Wahre Worte sind nicht schön,
schöne Worte sind nicht wahr.

Der Gute redekünstelt nicht,
der Redekünstler ist nicht gut.

Der Erkennende ist nicht vielwissend,
der Vielwisser erkennt nicht.

Der heilige Mensch sammelt nicht an
Je mehr er für die Menschen tut,
desto mehr hat er.

Je mehr er den Menschen gibt,
desto viel mehr hat er.

Des Himmels Weg ist,
wohltun und nicht schaden.

Des heiligen Menschen Weg ist,
tun und nicht streiten.
 
 



 

Eine Nachrede zum ganzen Buch ist dieses Schlußkapitel; es sagt, was Vorreden sagen, die auch zuletzt geschrieben werden. In seinen allgemeinen Aussprüchen gibt es zuerst Rechenschaft über die Form der Darstellung und über die Beschränkung des Inhalts, sodann über das Motiv der Abfassung, und schließt unter Hindeutung auf das Prinzip mit einem Satz, der sowohl das Verhalten des Verfassers im ganzen rechtfertigen, wie auch dem Leser ein gleiches Verhalten zur Welt empfehlen kann.

Auf wahre, aufrichtige, ehrliche Worte kam es Lao-Tse an; aber er weiß, daß solche Rede nicht mundet; sie ist nicht süß, nicht angenehm, nicht schön (Kap. 62). Weil aber die Menschen im allgemeinen der Wahrheit nicht hold sind, da diese sie verletzt, auch wenn sie die schönste Form hätte, darum sind wahre Worte nicht angenehm. Und dann ist auch das Umgekehrte richtig, daß Reden, die den Leuten angenehm und süß sind, nicht wahr sein können.

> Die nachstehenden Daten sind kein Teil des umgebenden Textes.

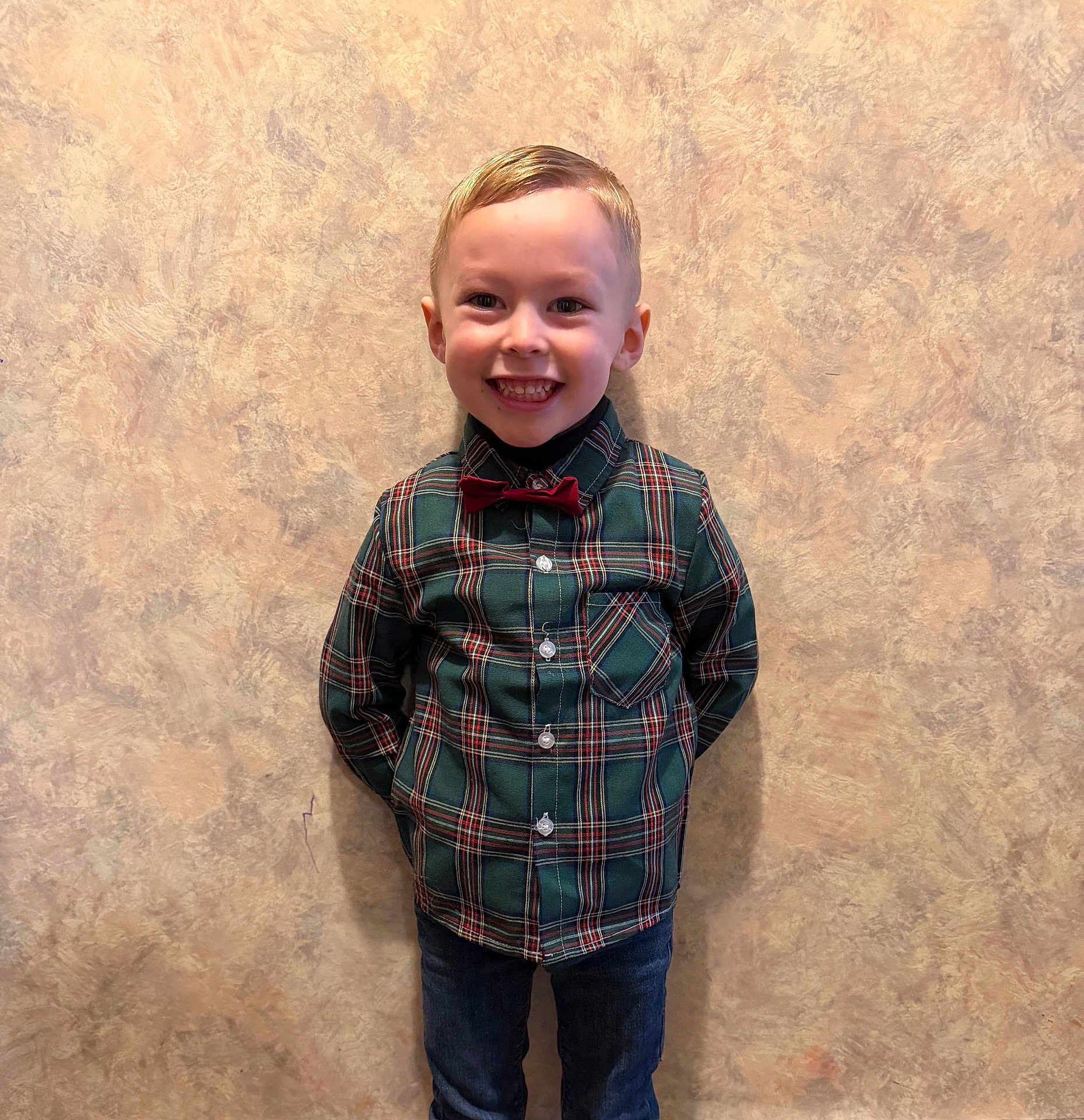 Adriano a rejoint le concours — aidez-le/la à gagner de superbes lots ! child, boy, smiling, plaid_shirt, bow_tie, jeans, standing, indoor, wall, beige_background, happy, portrait, fashion, casual, cute, hands_behind_back, short_hair, young, person, face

Wer gut ist oder der Gute, redet die Wahrheit und das Bewußtsein, daß diese die Menschen nicht anmutet, kann ihn nicht veranlassen, listig, nach Sophistenart disputierend, den Leuten nach dem Munde zu reden. Wer dies tut, ist nicht sittlich gut, ihm mangelt der ernste sittliche Untergrund. Der Satz richtet sich auch gegen die Sophisten, in China genannt «Disputieren (Pien). Wer auf höchste Erkenntnis sich konzentriert und damit in die Tiefe höchsten Wissens geht, bedarf weder, noch sucht er ein Viel-Wissen, eine Gelehrsamkeit, die in die Breite geht; wer in letzterer seinen Geist zerstreut, kann zu wahrer Erkenntnis nicht gelangen. Dies geht auch gegen die Konfuzianer.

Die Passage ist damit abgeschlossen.